Thursday, August 11, 2016

7 Reasons I'm Not Ready for Back to School

Unless you're a hermit, you’ve noticed the store shelves stocked to overflowing with school supplies gleefully screaming “Back to School” the moment you walk in. I know many of you out there are counting down the hours until the little minions are shuttled off to make messes and mayhem under someone else’s domain (#sorryteachers), but I’m not one of those moms. Here’s 7 reasons why I'm not ready for Back to School:

1. Sleeping in
I know, I know, I’m a crazy person if I think kids sleep in over summer. Despite the blackout curtains and setting the temperature on the thermostat to that of Antarctica to fool the munchkins into thinking it’s time to hibernate, they wake up like roosters crowing at sunrise. However, there’s this magical tool called a remote that controls the giant screen on the wall. It mesmerizes my offspring long enough (well, let’s be honest, they would never get off the couch if I let them sit in front of the tv all day) for me to get a few more hours, er, um, minutes of sleep. 

2. Scheduling
For some reason, there’s a certain schedule that needs to be followed when your kid is in school. You know, drop off kid at school by 8:15 and pick up by 2:15. If you can do that, you’re a good mom who cares about her child’s education, obviously. Happen to show up a few minutes late in pajamas holding a Venti six shot caramel macchiato with extra whip, and the office staff will whisper words like neglect and selfish behind your back. Who needs that kind of pressure?  Not this mom. To me, summer means no schedule. We can take random day trips to the zoo or the beach and show up whenever we please. Need to catch a rare Pokémon in another state? Hop in the car, kids, mamas got a battle to win.

3. Friend patrol
At school those young, impressionable minds are exposed to all kinds of riff raff and street rats. At home, I can control who comes in and out of my precious babies’ personal bubbles. This may include inviting over the child whose mom sends her with hostess gifts (why yes, I will accept your homemade goodies), or pretending like you’re not able to make contact with annoying little Jude’s mom to set up a playdate. Sorry, honey, they must be on a really long vacation to another country. I only get a few years to have input before they blow me off for good. I’m going to capitalize this power to the best of my ability. 

4. Homework
Homework battles. Need I say more? (Well, while we’re on the topic, who can understand this Common Core math anyway? I refuse to go to school again to help my child. Been there, done that. Get it together, ‘Merica.)

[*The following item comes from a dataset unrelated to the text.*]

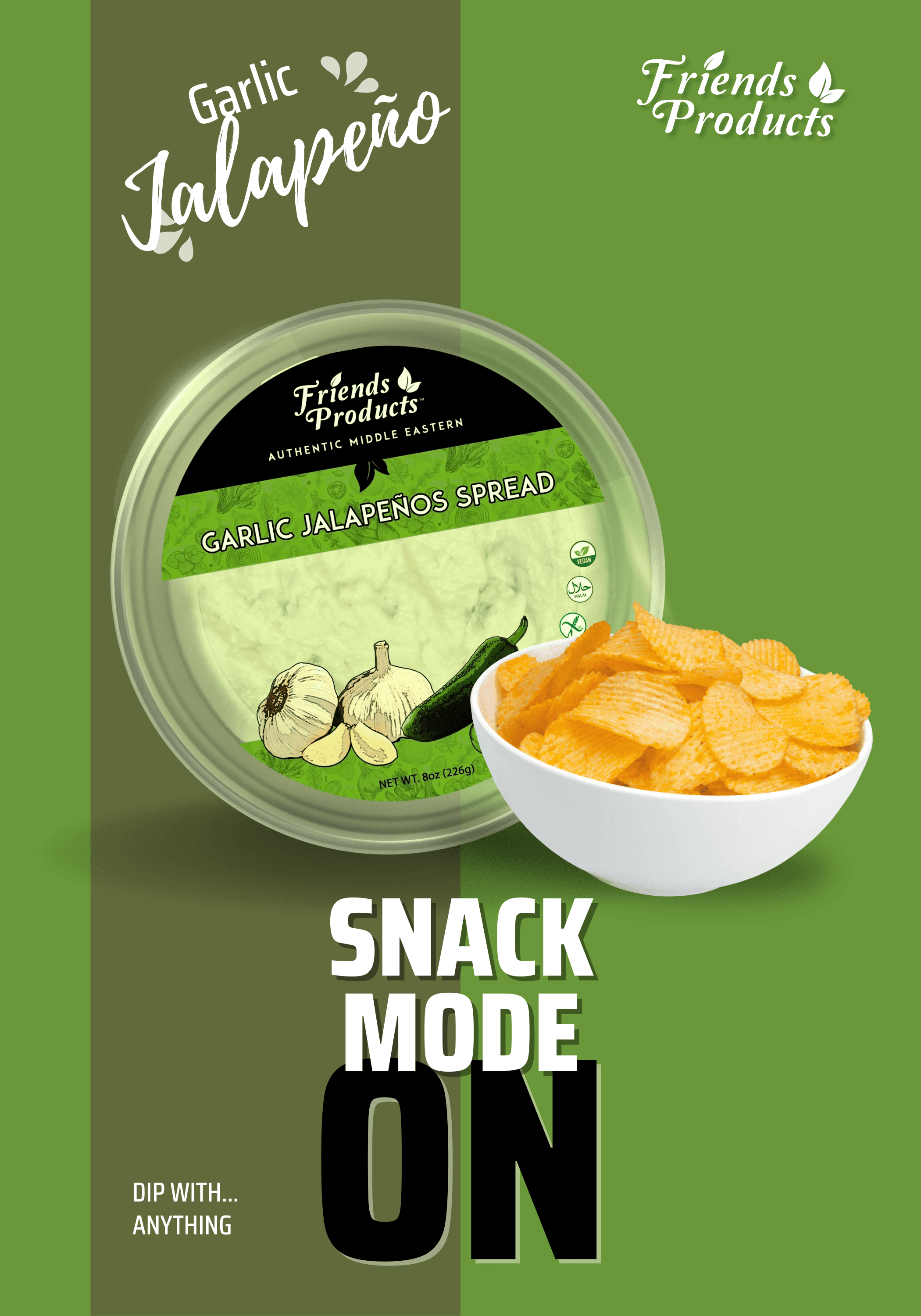Friends Products vegan garlic spread promo poster — Snack Mode On.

5. It’s all about the money, money, money
Have you noticed the prices of school supplies? Sure, the signs say everything is on sale, but when you add in a new backpack and lunch box and binders and paper and heaven forbid you forget about school clothes unless you want your child to be the laughingstock of the locker room, this stuff adds up. I mean, my daughter can only pull off jeans that are too short as fashionable cropped pants for so long. Once fall sets in, my jig is up and my wallet is crying.

6. Summer goals
I’ve been so busy sleeping in and catching Pokémon I haven’t had the chance to complete any of my summer projects. The bathroom is a half-finished tile mess, the backyard is a giant dirt pile from where I started to replace the deck, and the kitchen is still missing the backsplash. I can’t meet my kids’ new friends like this. What would they tell their parents? I also haven’t had the chance to get my kids fluent in another language or develop an elite robotics program so I can show up all the other moms. I need more time, people.

7. I want them to myself
Speaking of time, this season isn’t going to last forever. Right now my babies are still my babies and they’re (mostly) ok with that. They want me to read to them and snuggle in bed together and do random dance parties in the kitchen. I don’t want school to steal them away where they bond with teachers and make friends with the lunch lady. These are my kids. Mine, mine, mine. 

So you see, Back to School, I’m not ready for you. I’m just going to roll over in bed, cuddle with my babies, and pretend like you don’t exist. Any other moms with me?